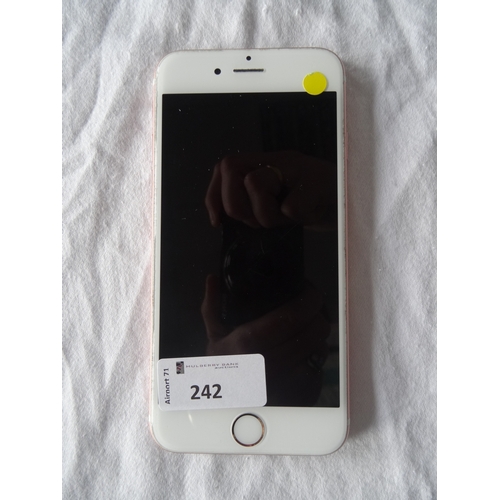 242 - APPLE IPHONE 6S - MODEL A1688
IMEI: 353798085043893.  i-cloud protected.  Note: It is the buyer's re... 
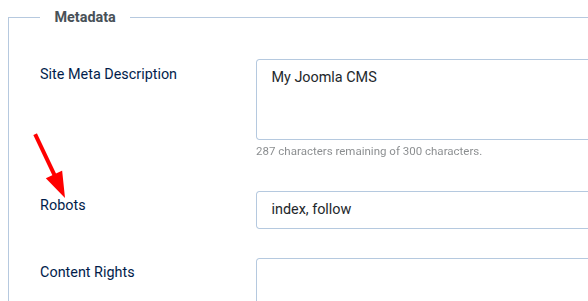 Screenshot showing System > Global Configuration > Site > Metadata > Robots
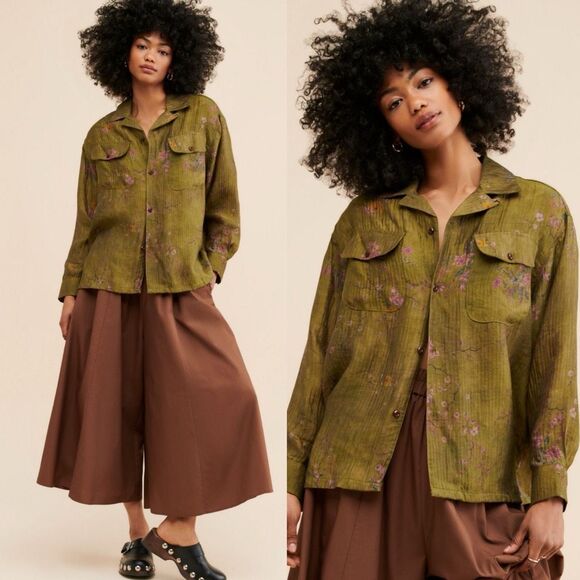 Free People | Found Floral Moss Camp Shirt Olive Green Button Down Medium - Picture 3 of 12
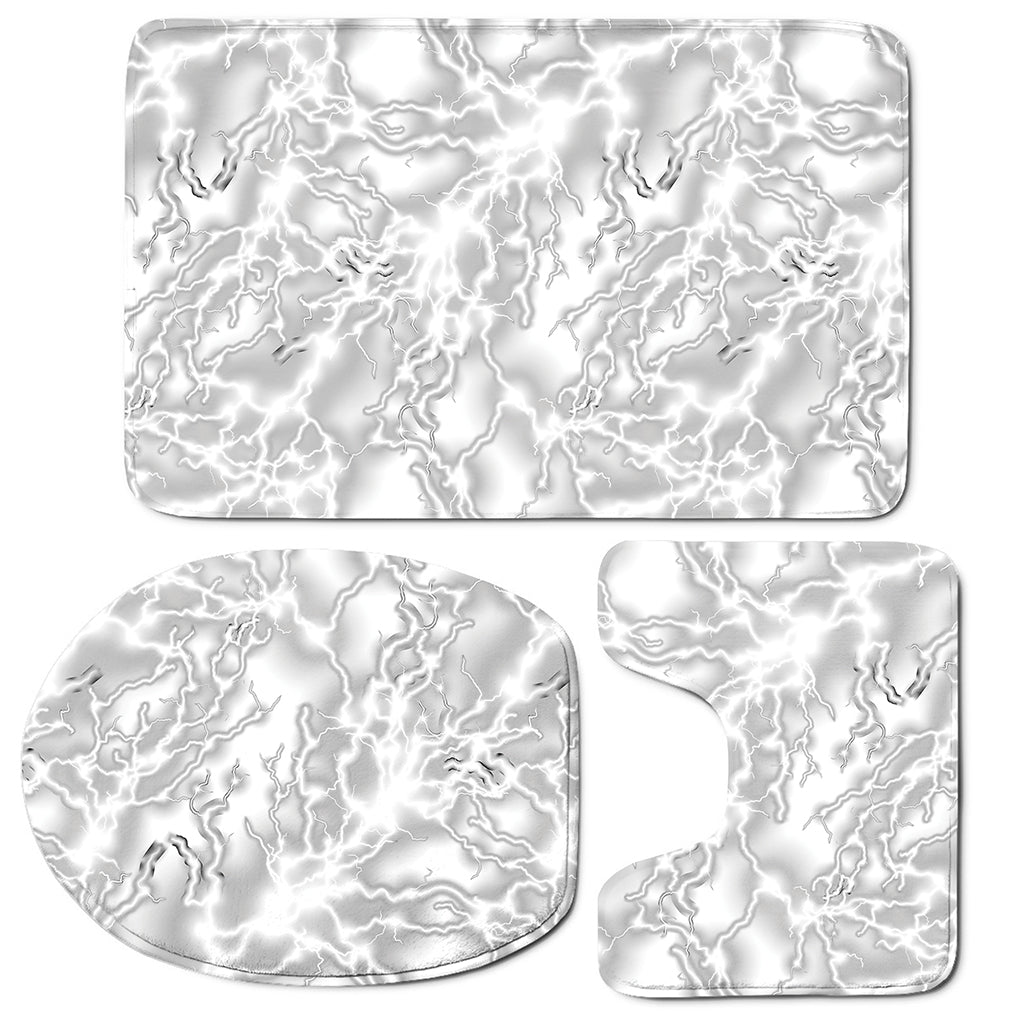 White Electric Lightning Print 3 Piece Bath Mat Set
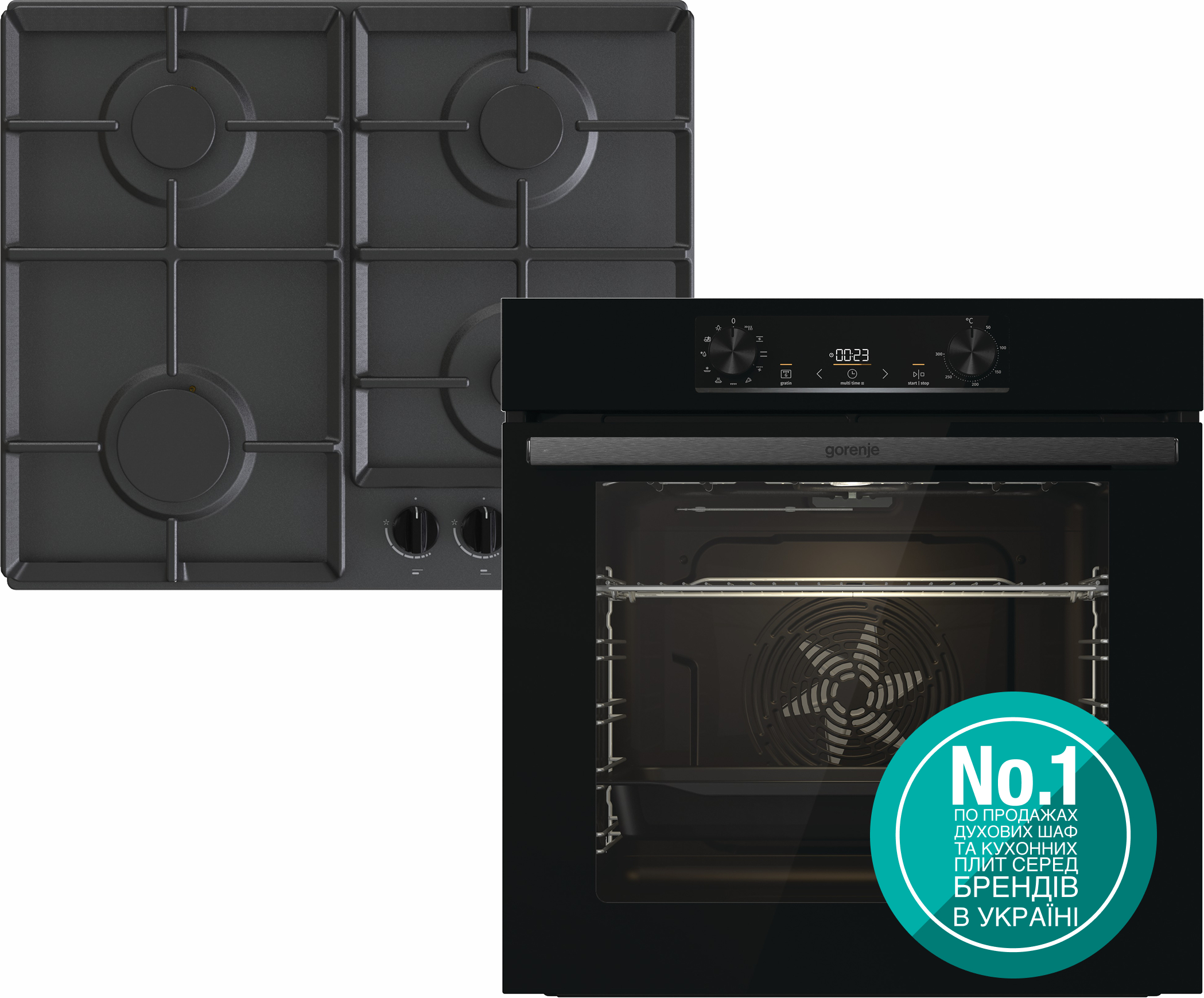 Духова шафа + варильна поверхня газова Gorenje BO6735E02BK + G641EB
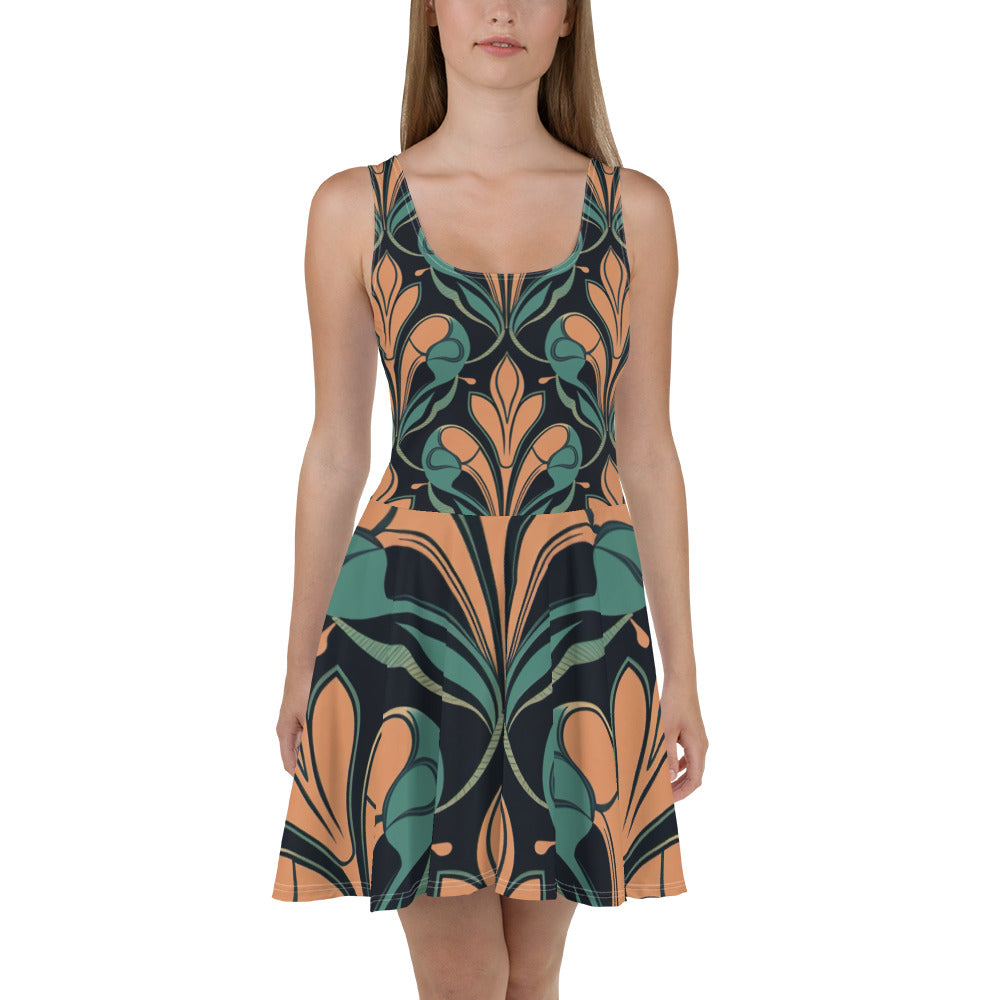 A stylish women's skater dress featuring a retro vintage print, showcasing a flattering A-line silhouette and knee-length hem.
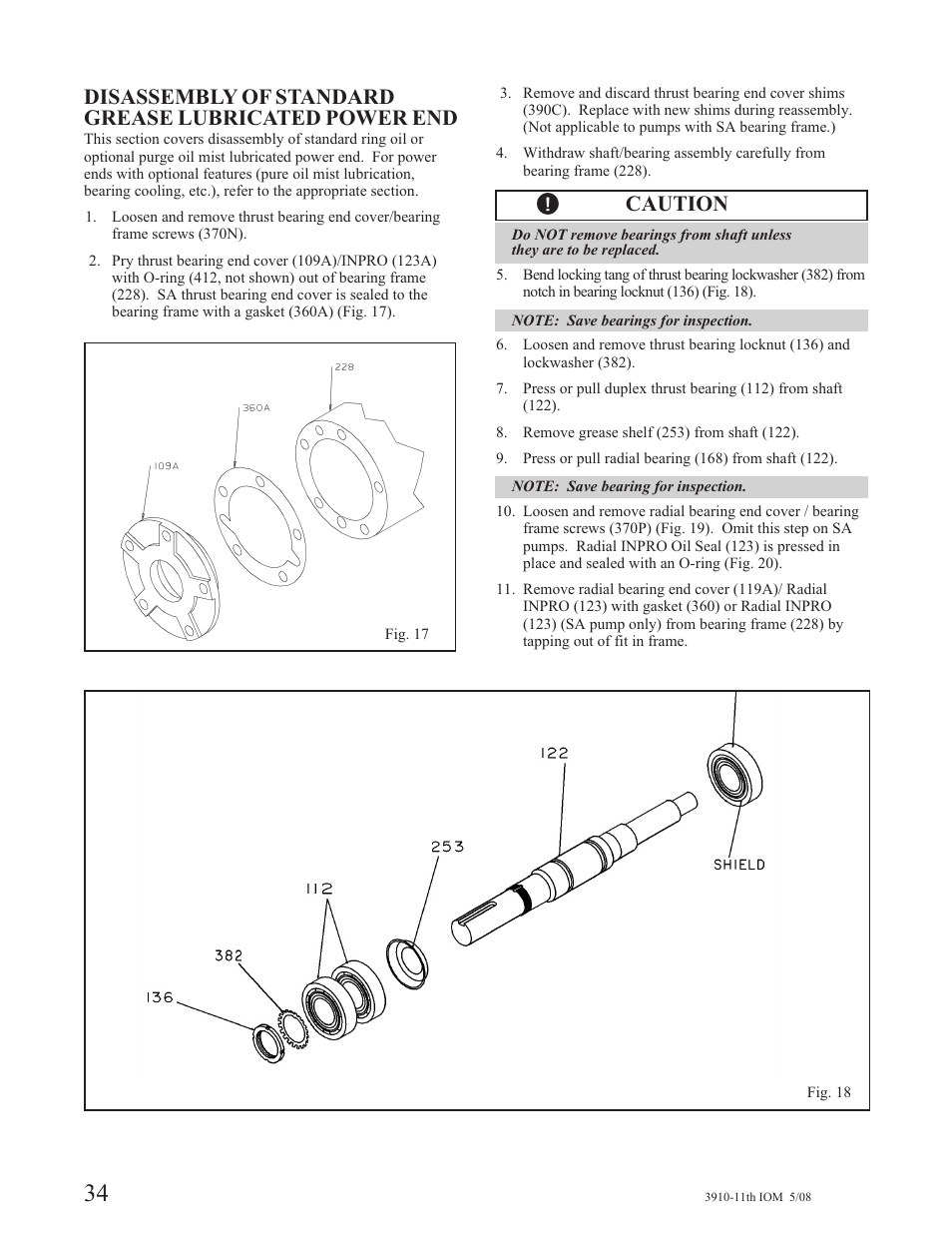 Caution | Goulds Pumps 3910 11th ed. - IOM User Manual | Page 34 / 80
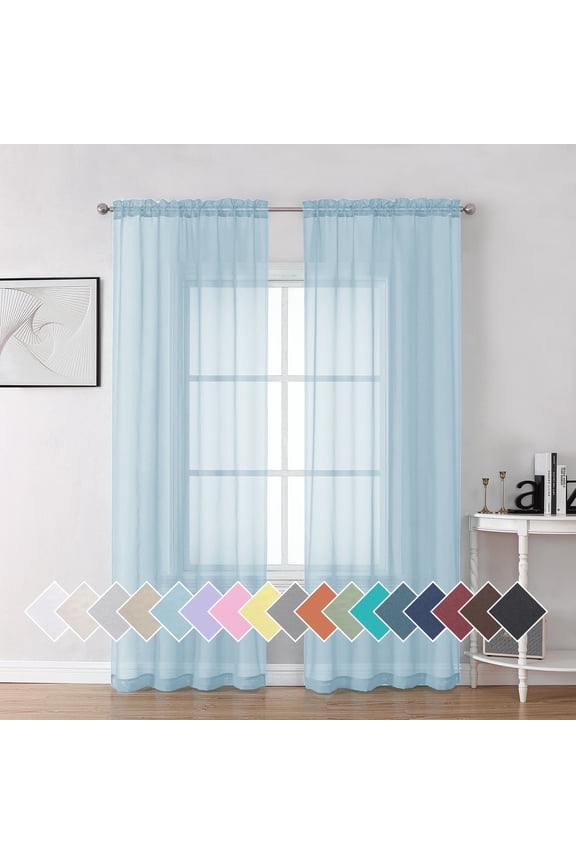Sky Blue Sheer Curtains 84 inch Length 2 Panels Set, Semi Transparent Voile Rod Pocket Window Drapes for Wedding Party Backdrop, Each 42W x 84L inch,Sky Blue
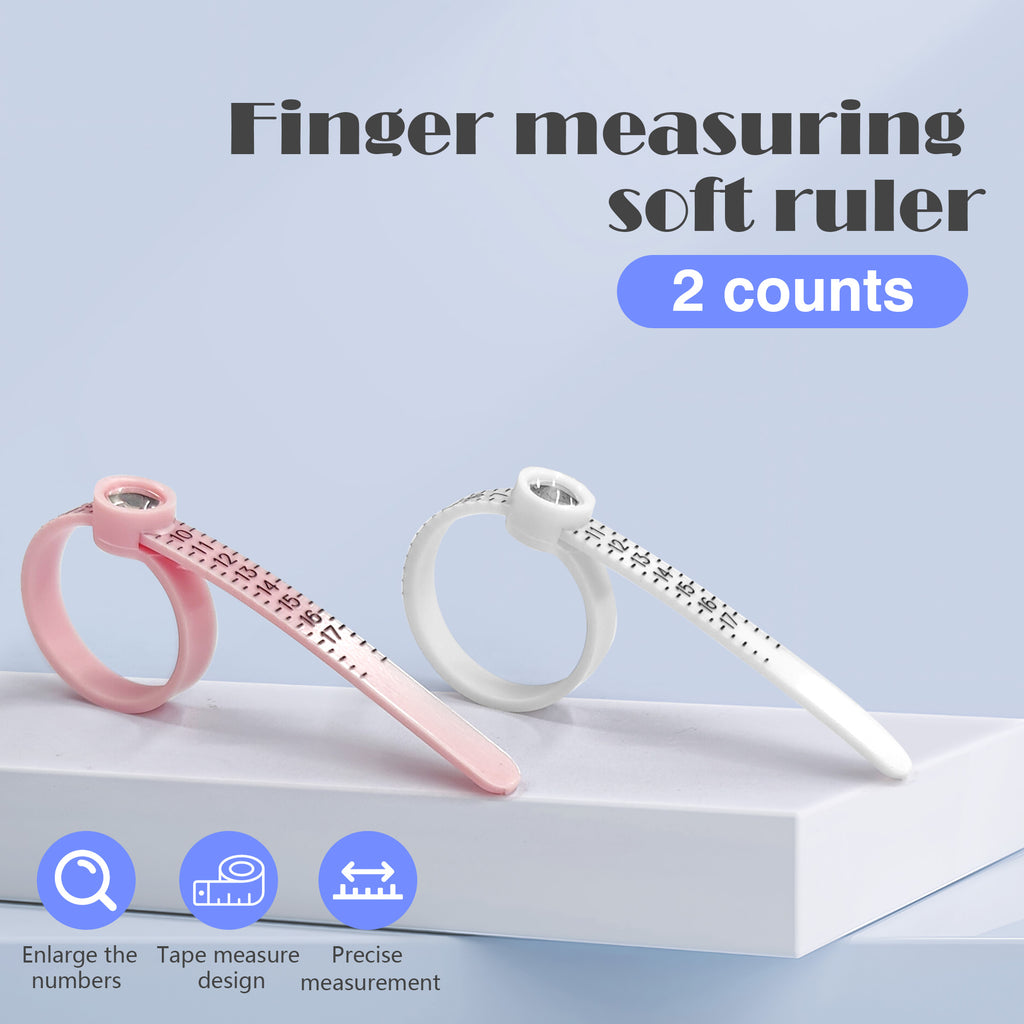 2 Counts Ring Sizer Measuring Tool, Reusable Finger Sizer Belt with Magnified Glass Pink & White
▬▬▬▬▬▬
* [Problem requirements] All records above must be copied exactly, though the pictures they hold are to be left out.

* [Response to this exercise]
 242 - APPLE IPHONE 6S - MODEL A1688
IMEI: 353798085043893.  i-cloud protected.  Note: It is the buyer's re... 
 Screenshot showing System > Global Configuration > Site > Metadata > Robots
 Free People | Found Floral Moss Camp Shirt Olive Green Button Down Medium - Picture 3 of 12
 White Electric Lightning Print 3 Piece Bath Mat Set
 Духова шафа + варильна поверхня газова Gorenje BO6735E02BK + G641EB
 A stylish women's skater dress featuring a retro vintage print, showcasing a flattering A-line silhouette and knee-length hem.
 Caution | Goulds Pumps 3910 11th ed. - IOM User Manual | Page 34 / 80
Sky Blue Sheer Curtains 84 inch Length 2 Panels Set, Semi Transparent Voile Rod Pocket Window Drapes for Wedding Party Backdrop, Each 42W x 84L inch,Sky Blue
 2 Counts Ring Sizer Measuring Tool, Reusable Finger Sizer Belt with Magnified Glass Pink & White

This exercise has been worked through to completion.